Do you have any suggestions for fast glass lens, like a specific lens? If not, I still thank you for all of your help.


----------



## table1349 (Apr 5, 2017)

7D MkII


----------



## weepete (Apr 5, 2017)

Sure, the cheapest I could get it to was:

Tamron SP 70-200mm f/2.8 Di VC USD Zoom Lens AFA009C-700 B&H
And
Canon 80D EOS DSLR Camera (80D Camera Body) 1263C004 B&H Photo

The 50mm f1.8 aka the "nifty fifty" is an ok lens, and probably the cheapest "decent" quality you can get but it's too short a lot of the time for sports. Fast glass you are looking for is f2.8 and below. Quality glass tends to mean better built, sharper, generally from either Canon, Sigma or Tamron. Canon's L lenses tend to be the gold standard by which others are compared to but cost a chunk of change. That's the type of lens most people use for low light sports.


----------



## Derrel (Apr 5, 2017)

If you re-read Post #6....you'll look to an ISO invariant camera with a SONY-made sensor...maybe a Nikon D7200, or a Nikon D610, and a sensor that can be under-exposed by 4 full shutter speeds at the niece's sports events,and then the nearly-black exposures "lifted"in software...what weepete is telling you is that there are cameras that can allow the beginner or intermediate sports shooter a huge "crutch", or better a "lifeline"...but those are not Canon cameras.

As far as the $1,099 Tamron 70-200 VC lens...yeah...*pretty popular as a value lens buy*.

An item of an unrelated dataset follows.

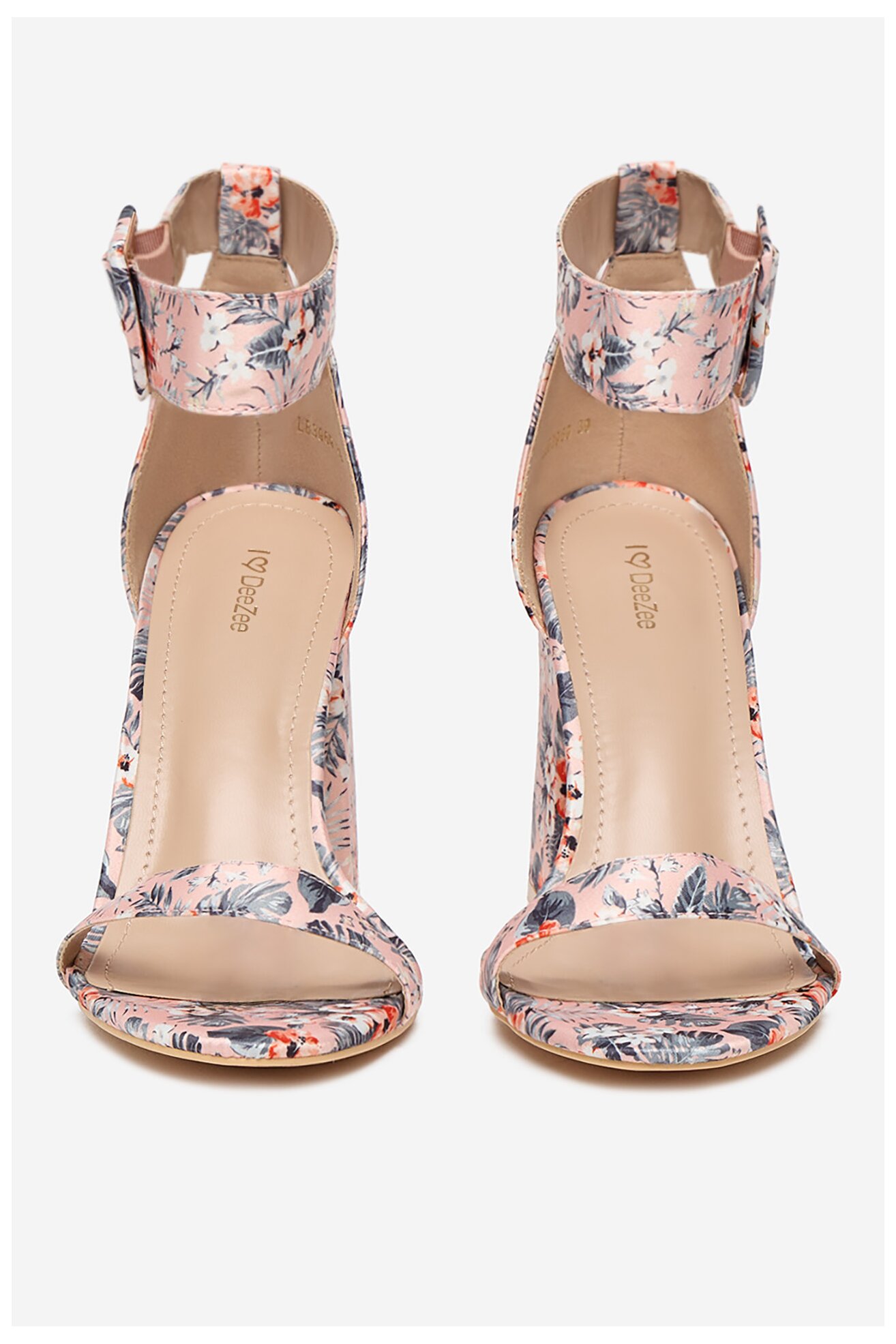 Сандали DeeZee LB3969 РОЗОВ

I can see a Nikon D610 full-frame sensor camera and an 85mm f/1.8 AF-S G as a good low-light/indoor sports rig with tremendous potential for cropping-in later, and maybe even better than a 70-200 f/2.8 zoom in the sense that the 85 is faster (f/1.8 vs f/2.8) and smaller, and lighter, and sharper. Nikon's 85mm f/1.8 AF-S G-series is one of *****the best***** lenses under $4,000 in terms of sharpness. It is a critically sharp, bitingly sharp, amazing lens for around $399 or so. And is the second- or third-sharpest lens tested out of 73 primes tested by DxO Mark.com. This is one of the best lens lengths to use on FF Nikon for cropping-in-on later, at the computer.

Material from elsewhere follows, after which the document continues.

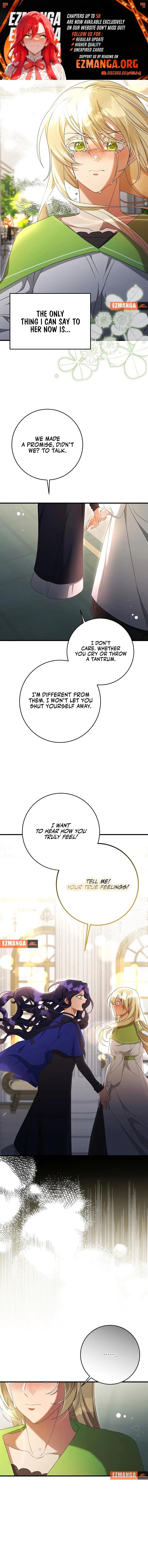 Read The Villainess Is Done Trying EN Manga Online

The Nikon D7200 and the Tamron 70-200 f/2.8 VC lens would also be nice. Or the Nikon D7200 and the 85/1.8 AF-S G-series prime lens, and some cash left over for something else.

The other options include USED camera, or a refurbished camera, and maybe a used lens as well.


----------



## beagle100 (Apr 6, 2017)

heyitsme said:


> weepete said:
> 
> 
> > Hmmmm....What kind of sports do your nieces do?
> ...



good enough for many things .... but probably not sports 
*www.flickr.com/photos/mmirrorless*


----------



## DGMPhotography (Apr 15, 2017)

If you have $2000 to spend and need good low-light capabilities, then I would personally suggest the Nikon D750. It's a full frame camera, and thus you will never need to upgrade again until it breaks on you. You can get one refurbished for around $1,500. After that, get the Nikkor 50mm f/1.8 ($180). Which will be good for portraits, and most indoor activities. It's the "nifty fifty," and called that for good reason. It's the best bang for your buck. And then if you need a longer lens for sports you could get the 70-300 f/3.5-5.6 ($250). It's not the most amazing lens, but as long as it's bright outside, it works pretty well. Plus, since you have the bigger, better camera, you would be able to crop more and get some extra zoom out of your shots. And you should just about be within your budget with all that.

Here's a shot I got with the D750 and the 70-300 lens.


----------



## beagle100 (Apr 15, 2017)

^^
if they shoot field hockey even a six year old Canon crop model (cheap!)  and an old original 100-400 (really cheap !) works fine


----------



## chuasam (Apr 17, 2017)

7D mk2. Then save more for the lenses


----------